According to the RLA, that will mean that some landlords will be paying tax on a loss.

However, the organisation says that landlords will also be caught by tax if they try to sell up now.

Capital Gains Tax payable by landlords when they sell is typically at the higher rate of 28%.

It means that a landlord who bought a £250,000 property in 2005 and who sold now could have a CGT bill of £63,000.

The RLA points out that by contrast, owner occupiers incur no CGT liability at all.

Citing the results of a survey of landlords, Ward said: “Selling to first-time buyers or sitting tenants would be attractive to more than three-quarters of landlords given the right tax environment.

“David Cameron’s speech lacked detail as to how landlords could be encouraged to sell and tenants to buy.”

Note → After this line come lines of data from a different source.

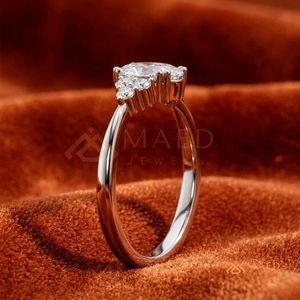 Moissanite Three <b>Stone</b> Ring for Women Silver Tone Engagement Anniversary Jewelry Elegant Daily Wear Style - Product Image 2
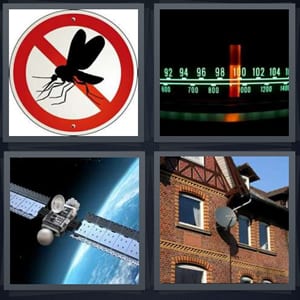 sign for no mosquitos, radio dial analog, space station above earth, satellite dish on brick house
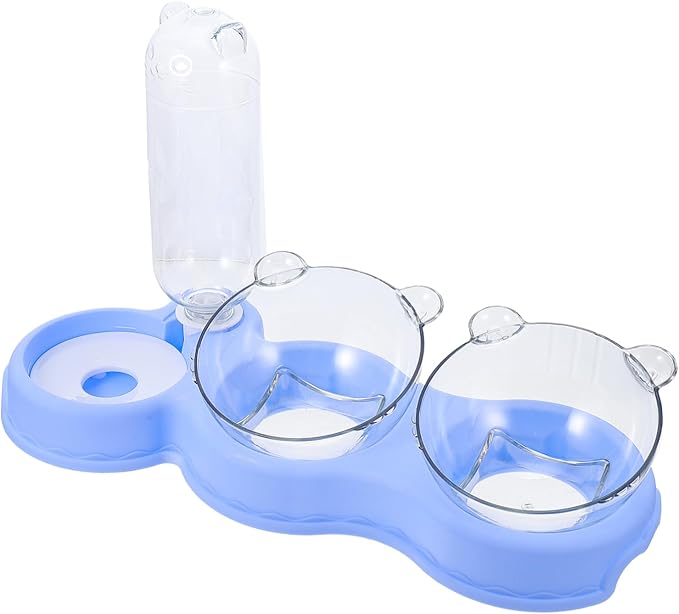 BESPORTBLE Detachable Pet Waterer and Dog Food Feeder Skid Dual Bowls for Indoor Use Convenient Automatic Water Dispenser for Cats and Dogs Safe Easy to Design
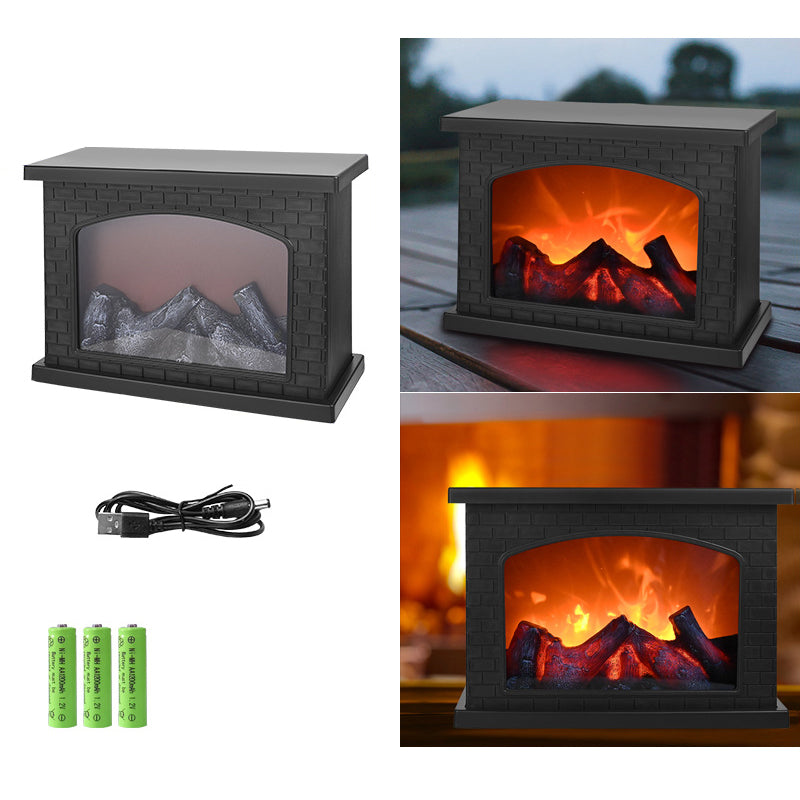 Batteridrevet Retro LED Bordlampe med Simuleret Flamme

The proposal to let landlords off CGT if they sell to first-time buyers was first made in the RLA’s ‘election manifesto’ published at the start of the year.

In its ‘manifesto’, aimed at all political parties in the run-up to the May election, the RLA also called for CGT relief when a landlord sells one rental property but reinvests the proceeds in another.

Ward said at the weekend: “No other business that wants to reinvest would be penalised in this way.

“We also have to accept that markets change.

“For example, an area in south Manchester was popular with landlords investing in student property.

“Now that the [Manchester Metropolitan] university has moved its campus, those landlords could be usefully encouraged to sell up and reinvest, for example in city centre apartments.”